Nearly 1.7 billion people are affected by presbyopia, a natural decline in the eye’s vision. Here is how you can treat it.
Whether you are new to the sport of running or you are a seasoned athlete, it takes effort to put one foot in front of the other. To maximize performance, most runners try to be comfortable during what can be an uncomfortable endeavour by wearing moisture wicking fabrics, good shoes and socks. Then, there are the gadgets, like fitness bands such as the Fitbit and Apple watch, which can help guide you towards your personal best.
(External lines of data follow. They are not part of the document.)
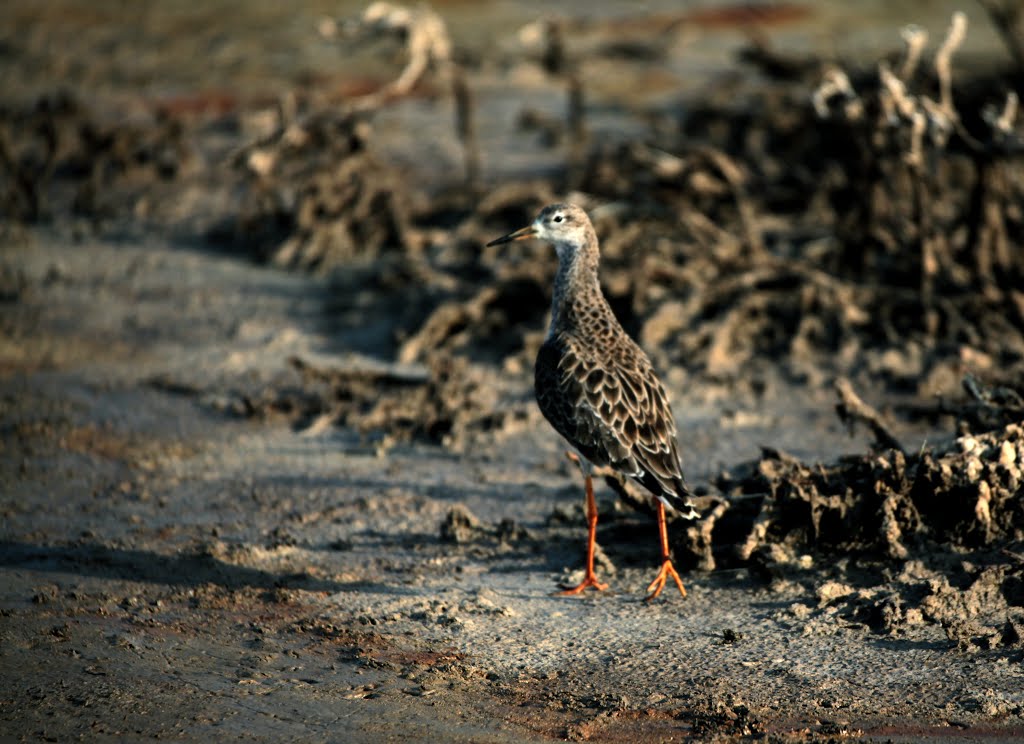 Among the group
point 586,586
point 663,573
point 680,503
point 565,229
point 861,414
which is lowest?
point 586,586

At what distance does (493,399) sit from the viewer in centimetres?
854

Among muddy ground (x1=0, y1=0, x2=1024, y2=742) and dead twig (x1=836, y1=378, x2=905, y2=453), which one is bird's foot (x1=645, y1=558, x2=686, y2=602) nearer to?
muddy ground (x1=0, y1=0, x2=1024, y2=742)

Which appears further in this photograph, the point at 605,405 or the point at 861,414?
the point at 861,414

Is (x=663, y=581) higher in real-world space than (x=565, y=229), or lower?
lower

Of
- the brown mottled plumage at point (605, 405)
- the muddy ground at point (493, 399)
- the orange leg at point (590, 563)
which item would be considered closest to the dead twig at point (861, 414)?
the muddy ground at point (493, 399)

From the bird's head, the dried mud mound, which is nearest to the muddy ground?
the dried mud mound

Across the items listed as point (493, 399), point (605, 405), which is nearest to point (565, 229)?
point (605, 405)

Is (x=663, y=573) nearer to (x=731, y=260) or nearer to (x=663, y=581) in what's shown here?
(x=663, y=581)

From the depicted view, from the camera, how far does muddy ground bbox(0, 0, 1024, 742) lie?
5246mm

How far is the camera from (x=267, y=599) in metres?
5.95

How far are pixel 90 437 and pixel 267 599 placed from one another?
8.17 feet

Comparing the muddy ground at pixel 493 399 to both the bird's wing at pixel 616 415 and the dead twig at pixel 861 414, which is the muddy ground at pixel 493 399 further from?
the bird's wing at pixel 616 415

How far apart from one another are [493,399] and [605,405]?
2.45m

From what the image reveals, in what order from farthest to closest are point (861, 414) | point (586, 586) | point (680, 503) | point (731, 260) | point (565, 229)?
point (731, 260), point (565, 229), point (861, 414), point (586, 586), point (680, 503) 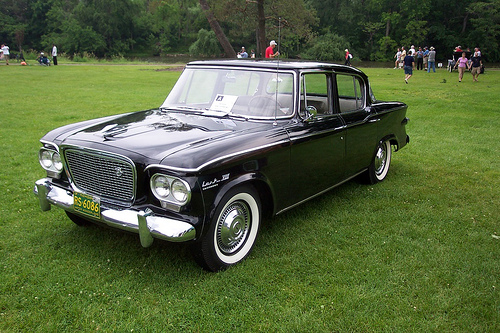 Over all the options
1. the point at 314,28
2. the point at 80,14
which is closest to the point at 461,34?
the point at 314,28

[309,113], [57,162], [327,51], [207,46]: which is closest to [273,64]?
[309,113]

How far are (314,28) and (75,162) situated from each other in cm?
7131

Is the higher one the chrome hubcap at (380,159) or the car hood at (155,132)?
the car hood at (155,132)

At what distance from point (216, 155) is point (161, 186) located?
1.65 feet

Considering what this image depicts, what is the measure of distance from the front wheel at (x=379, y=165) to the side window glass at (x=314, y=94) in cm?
144

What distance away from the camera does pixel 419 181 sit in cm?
631

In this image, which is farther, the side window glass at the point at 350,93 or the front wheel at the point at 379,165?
the front wheel at the point at 379,165

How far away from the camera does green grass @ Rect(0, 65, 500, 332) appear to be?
9.88 feet

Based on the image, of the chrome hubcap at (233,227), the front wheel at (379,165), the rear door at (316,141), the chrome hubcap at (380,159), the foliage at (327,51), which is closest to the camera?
the chrome hubcap at (233,227)

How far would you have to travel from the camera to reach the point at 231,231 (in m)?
3.62

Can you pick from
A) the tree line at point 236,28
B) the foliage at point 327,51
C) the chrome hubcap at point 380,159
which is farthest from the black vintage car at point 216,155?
the foliage at point 327,51

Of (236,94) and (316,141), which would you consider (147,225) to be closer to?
(236,94)

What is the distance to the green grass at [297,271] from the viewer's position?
3012mm

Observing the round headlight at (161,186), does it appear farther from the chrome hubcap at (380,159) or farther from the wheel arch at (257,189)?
the chrome hubcap at (380,159) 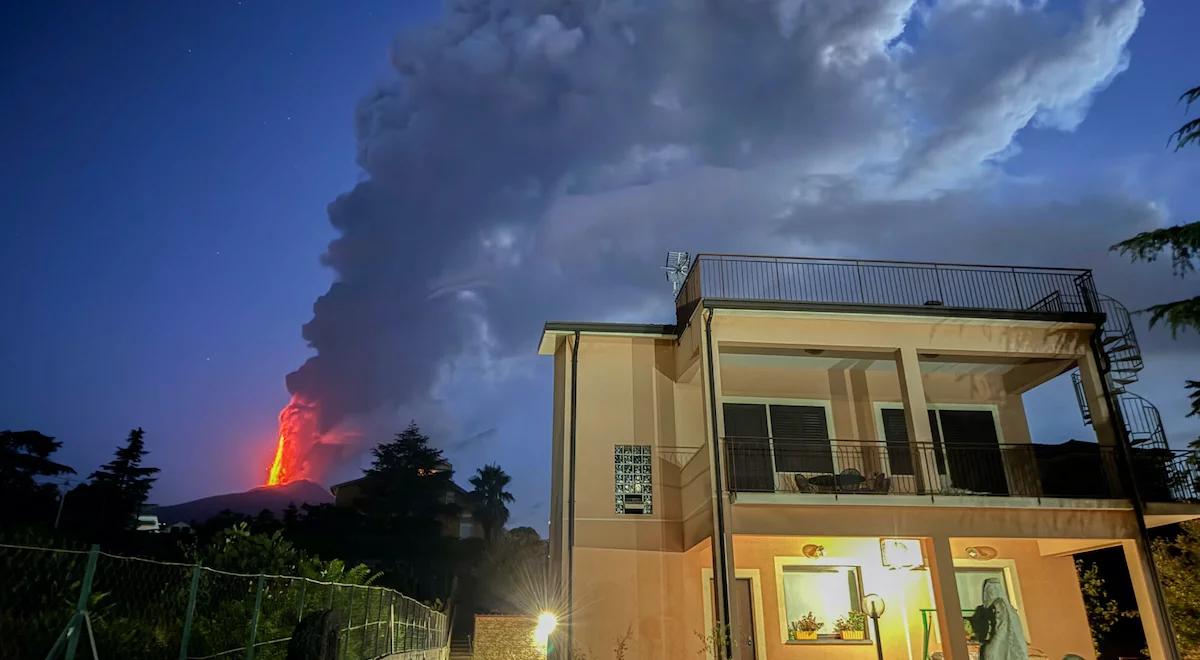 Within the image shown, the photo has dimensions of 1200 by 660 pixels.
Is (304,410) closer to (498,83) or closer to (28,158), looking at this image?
(28,158)

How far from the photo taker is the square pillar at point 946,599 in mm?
9461

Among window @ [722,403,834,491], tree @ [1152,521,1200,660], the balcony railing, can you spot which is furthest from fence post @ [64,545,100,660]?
tree @ [1152,521,1200,660]

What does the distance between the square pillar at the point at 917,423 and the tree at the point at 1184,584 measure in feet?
12.0

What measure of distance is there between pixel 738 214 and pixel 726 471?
25806mm

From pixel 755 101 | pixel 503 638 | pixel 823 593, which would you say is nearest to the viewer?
pixel 823 593

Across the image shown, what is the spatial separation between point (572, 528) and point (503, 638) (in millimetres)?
8562

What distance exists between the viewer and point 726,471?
10.4 m

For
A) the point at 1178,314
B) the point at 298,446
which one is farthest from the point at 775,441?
the point at 298,446

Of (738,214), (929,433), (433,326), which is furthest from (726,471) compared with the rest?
(433,326)

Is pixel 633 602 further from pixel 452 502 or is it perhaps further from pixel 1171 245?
pixel 452 502

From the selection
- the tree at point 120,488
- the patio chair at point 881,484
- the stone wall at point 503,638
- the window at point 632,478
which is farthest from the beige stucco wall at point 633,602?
the tree at point 120,488

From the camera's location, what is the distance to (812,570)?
12250mm

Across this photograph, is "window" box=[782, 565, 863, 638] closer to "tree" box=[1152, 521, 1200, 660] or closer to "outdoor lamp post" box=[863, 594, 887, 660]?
"outdoor lamp post" box=[863, 594, 887, 660]

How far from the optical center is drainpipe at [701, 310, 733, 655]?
30.8 ft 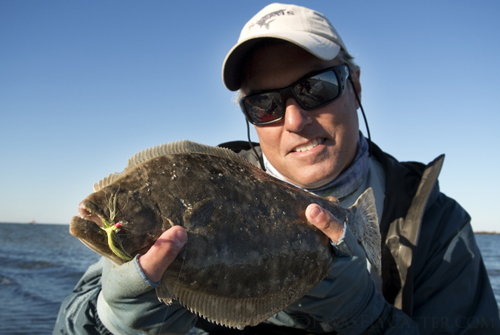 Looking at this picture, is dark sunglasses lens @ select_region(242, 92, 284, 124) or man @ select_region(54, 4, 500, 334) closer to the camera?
man @ select_region(54, 4, 500, 334)

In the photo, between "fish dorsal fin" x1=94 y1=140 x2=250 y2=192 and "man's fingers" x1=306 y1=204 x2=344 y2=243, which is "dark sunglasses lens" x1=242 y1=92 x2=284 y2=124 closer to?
"fish dorsal fin" x1=94 y1=140 x2=250 y2=192

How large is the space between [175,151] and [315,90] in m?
1.53

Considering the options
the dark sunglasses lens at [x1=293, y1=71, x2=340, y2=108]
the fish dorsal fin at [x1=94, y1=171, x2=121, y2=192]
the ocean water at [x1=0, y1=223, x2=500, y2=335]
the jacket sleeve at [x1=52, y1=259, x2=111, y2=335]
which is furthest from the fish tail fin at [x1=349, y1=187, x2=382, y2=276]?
the ocean water at [x1=0, y1=223, x2=500, y2=335]

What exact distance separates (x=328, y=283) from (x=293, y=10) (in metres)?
2.51

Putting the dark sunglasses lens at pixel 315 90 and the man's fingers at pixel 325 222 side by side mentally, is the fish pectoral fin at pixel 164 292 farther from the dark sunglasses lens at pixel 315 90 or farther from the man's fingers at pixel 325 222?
the dark sunglasses lens at pixel 315 90

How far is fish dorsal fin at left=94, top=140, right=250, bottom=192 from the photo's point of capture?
1.62 m

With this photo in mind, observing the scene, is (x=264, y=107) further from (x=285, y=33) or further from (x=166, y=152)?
(x=166, y=152)

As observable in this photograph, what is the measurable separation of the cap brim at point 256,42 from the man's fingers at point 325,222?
147 cm

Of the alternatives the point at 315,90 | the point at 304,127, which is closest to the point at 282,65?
the point at 315,90

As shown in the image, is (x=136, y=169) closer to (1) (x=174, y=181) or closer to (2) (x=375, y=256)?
(1) (x=174, y=181)

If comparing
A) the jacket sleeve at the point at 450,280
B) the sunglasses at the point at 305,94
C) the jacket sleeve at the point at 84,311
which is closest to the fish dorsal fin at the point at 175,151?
the sunglasses at the point at 305,94

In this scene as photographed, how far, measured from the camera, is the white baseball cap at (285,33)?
278 centimetres

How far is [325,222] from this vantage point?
1847mm

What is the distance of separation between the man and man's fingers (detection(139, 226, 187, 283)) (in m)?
1.22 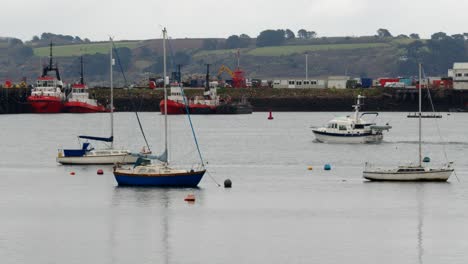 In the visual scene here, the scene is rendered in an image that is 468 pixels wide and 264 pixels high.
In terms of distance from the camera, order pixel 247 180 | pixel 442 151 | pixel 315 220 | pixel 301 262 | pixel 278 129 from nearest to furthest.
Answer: pixel 301 262, pixel 315 220, pixel 247 180, pixel 442 151, pixel 278 129

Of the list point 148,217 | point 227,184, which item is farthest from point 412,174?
point 148,217

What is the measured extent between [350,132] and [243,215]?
2213 inches

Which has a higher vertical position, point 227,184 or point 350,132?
point 350,132

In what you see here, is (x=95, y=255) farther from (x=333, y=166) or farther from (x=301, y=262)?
(x=333, y=166)

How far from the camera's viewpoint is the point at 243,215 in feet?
206

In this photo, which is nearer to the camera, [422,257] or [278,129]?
[422,257]

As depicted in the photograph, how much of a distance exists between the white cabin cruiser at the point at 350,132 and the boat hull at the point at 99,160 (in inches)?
1342

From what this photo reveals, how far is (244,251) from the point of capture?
5178cm

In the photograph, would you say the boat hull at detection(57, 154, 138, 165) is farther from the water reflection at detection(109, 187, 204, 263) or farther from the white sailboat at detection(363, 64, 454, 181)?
the white sailboat at detection(363, 64, 454, 181)

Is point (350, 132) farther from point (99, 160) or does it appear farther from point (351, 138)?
point (99, 160)

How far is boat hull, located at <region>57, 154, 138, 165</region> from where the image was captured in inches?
3462

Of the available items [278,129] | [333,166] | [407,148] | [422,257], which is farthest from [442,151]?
[422,257]

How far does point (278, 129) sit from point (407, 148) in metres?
44.8

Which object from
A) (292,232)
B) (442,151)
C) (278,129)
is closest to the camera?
(292,232) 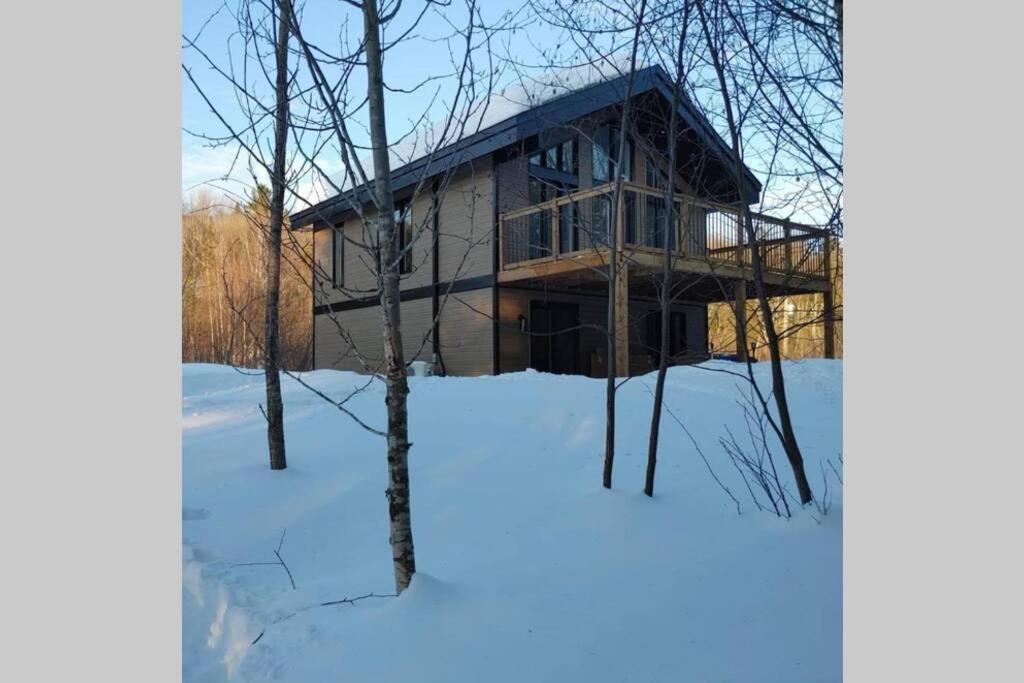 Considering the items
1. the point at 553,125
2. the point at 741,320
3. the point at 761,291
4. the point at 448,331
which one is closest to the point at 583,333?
the point at 448,331

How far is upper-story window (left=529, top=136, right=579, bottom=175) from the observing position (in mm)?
13039

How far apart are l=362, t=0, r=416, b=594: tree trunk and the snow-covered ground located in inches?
11.2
Yet, none of this matters if you can’t read the tiny screens or worse, not notice obstacles or other dangers around you because of condensation on your glasses or because your vision is no longer sharp. You may have noticed that you are having trouble seeing clearly, despite perfect conditions. As you age, your eyes become weaker, regardless if you are maintaining good overall health.
Presbyopia—a common problem
If you are having difficulty focusing on small objects such as your fitness tracker or smart phone, you may have developed presbyopia, which often occurs around age 40 due to a gradual loss of the eye’s ability to focus on close objects and which affects nearly 1.7 billion people.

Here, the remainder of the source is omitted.